Comment acquérir l'actif le plus sûr du monde,
qui a toutes les chances de produire
des performances spectaculaires durant cette période

 

Je parle là d'acheter autant d'or que vous pouvez raisonnablement vous le permettre. Je sais ce que vous allez me dire : le métal jaune a connu une hausse considérable, grimpant de plus de 400% ces 10 dernières années.

Mais croyez-moi, une fois que la crise économique et monétaire prendra de l'ampleur, cette première avancée semblera bien modeste.

Je serais surpris que l'or n'atteigne pas 5 000 $ l'once ces prochaines années -- au minimum. En fait, je dirais même que les 8 000 $ sont une cible réaliste.

Le statisticien John Williams, du site internet Shadowstats, fait un calcul simple : en 1980, l'or cotait 850 $. Si l'on tient compte de l'inflation... l'once vaudrait 2 400 $ actuels. Et si l'on rajoute à cela la hausse du cours, on obtient 8 047 $ -- rien que pour retrouver les niveaux de 1980.

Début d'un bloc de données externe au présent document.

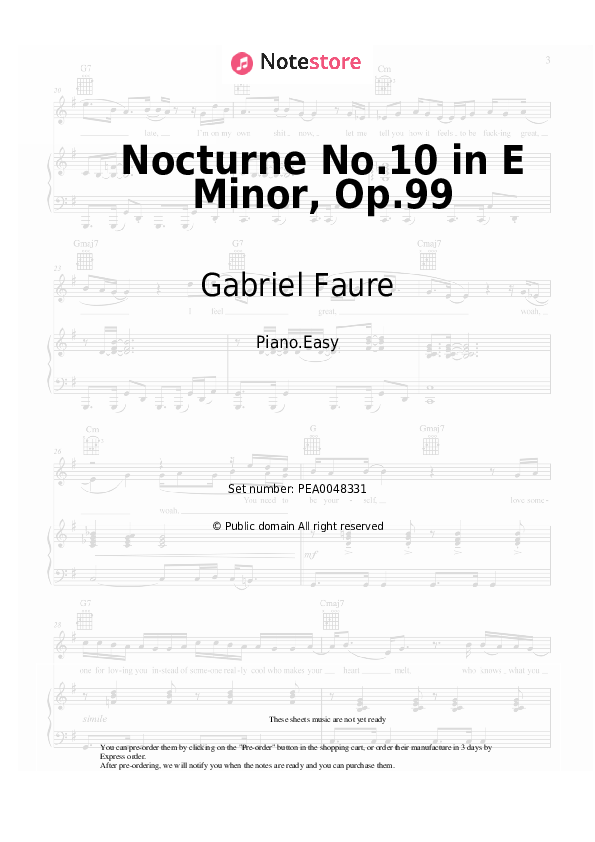 Easy sheet music Gabriel Faure - Nocturne No.10 in E Minor, Op.99 - Piano.Easy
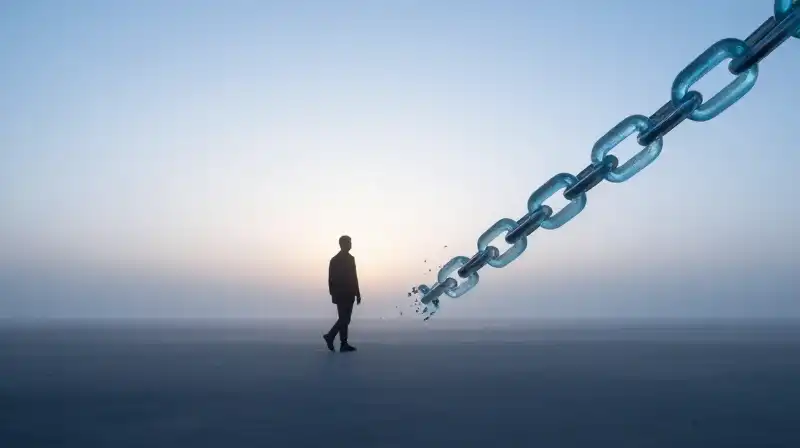 A silhouette walks toward light past a breaking glass chain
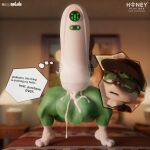  1:1 3_toes 3d_(artwork) advertisement anthro balls baseball_cap bed big_balls big_butt big_penis bodily_fluids bottomless bottomless_male butt canid canine canis chihuahua clothed clothing cum cum_inside digital_media_(artwork) domestic_dog ejaculation english_text excessive_cum excessive_genital_fluids eye_roll eyewear fan_character feet fingerless_gloves freckles furniture gaia genital_fluids genitals glasses gloves handwear hat headgear headwear heart_symbol heterochromia hi_res honey_play_box huge_balls huge_butt huge_penis hyper hyper_balls hyper_genitalia hyper_penis image_bubble kai_2_(sex_toy) looking_pleasured male mammal motion_blur musk musk_cloud musky_balls onyxsplash penetrable_sex_toy penis scrotum_flap sega sex_toy shirt solo sonic_the_hedgehog_(series) t-shirt text thick_thighs tiptoes toes topwear toy_dog vibrator vincent_(onyxsplash)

Les gestionnaires les plus avisés du monde, des gens comme George Soros, David Einhorn et John Paulson ont tous récemment pris des positions gigantesques dans l'or. Et je pense qu'il faudrait être fou pour ne pas les imiter.

Comment faire ?

Il y a de nombreuses options. L'équipe de MoneyWeek vous révélera un moyen très pratique d'acheter de l'or physique en toute sécurité... et pas n'importe quel or physique.

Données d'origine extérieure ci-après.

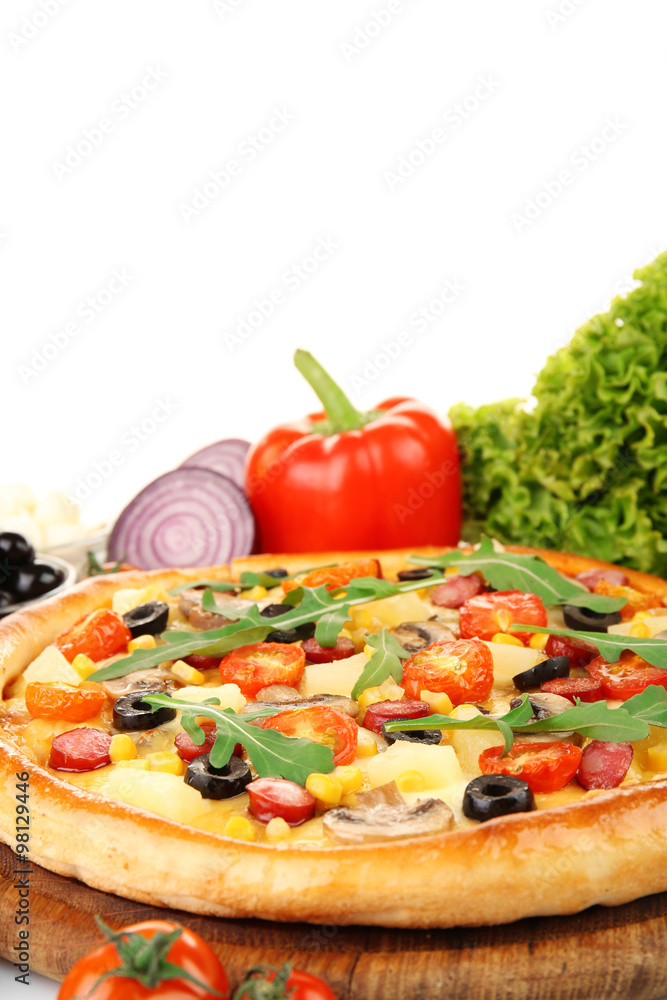 Delicious pizza with vegetables, isolated on white Delicious pizza with vegetables, isolated on white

Comme vous le découvrirez dans votre deuxième rapport, Fortune de crise : L'or physique sans risque de contrepartie, il y a plus malin à faire que d'acheter des lingots pour les enterrer dans votre jardin.

J'aimerais vous envoyer un exemplaire de ce rapport entièrement gratuitement. Je vous montrerai comment le recevoir dans une seconde.

Avant cela, j'aimerais que vous compreniez une chose : de la France à l'Europe, la faillite des gouvernements ne pourra que se généraliser. Et il se profile à l'horizon une autre faillite... encore plus dangereuse, puisqu'elle concerne la devise de réserve mondiale.

 

.

Mensonge n°3
.

"J'aimerais réaffirmer qu'un dollar fort
est dans notre intérêt en tant que pays"
Tim Geithner, Secrétaire au Trésor US, le 6 novembre 2010

.

C'est sans doute la plus Grande imposture de toutes. La plus réussie. Elle dure depuis un demi-siècle... et en dépit de quelques frayeurs ces dernières années, elle semblait partie pour durer éternellement.


Je veux parler bien entendu de la suprématie du dollar. Jusqu'à présent, il était reconnu par le monde entier comme le seul standard monétaire valable.

Pourtant, il s'appuie sur un Etat en faillite : 14 300 milliards de dollars de dettes environ, au 30 janvier 2011.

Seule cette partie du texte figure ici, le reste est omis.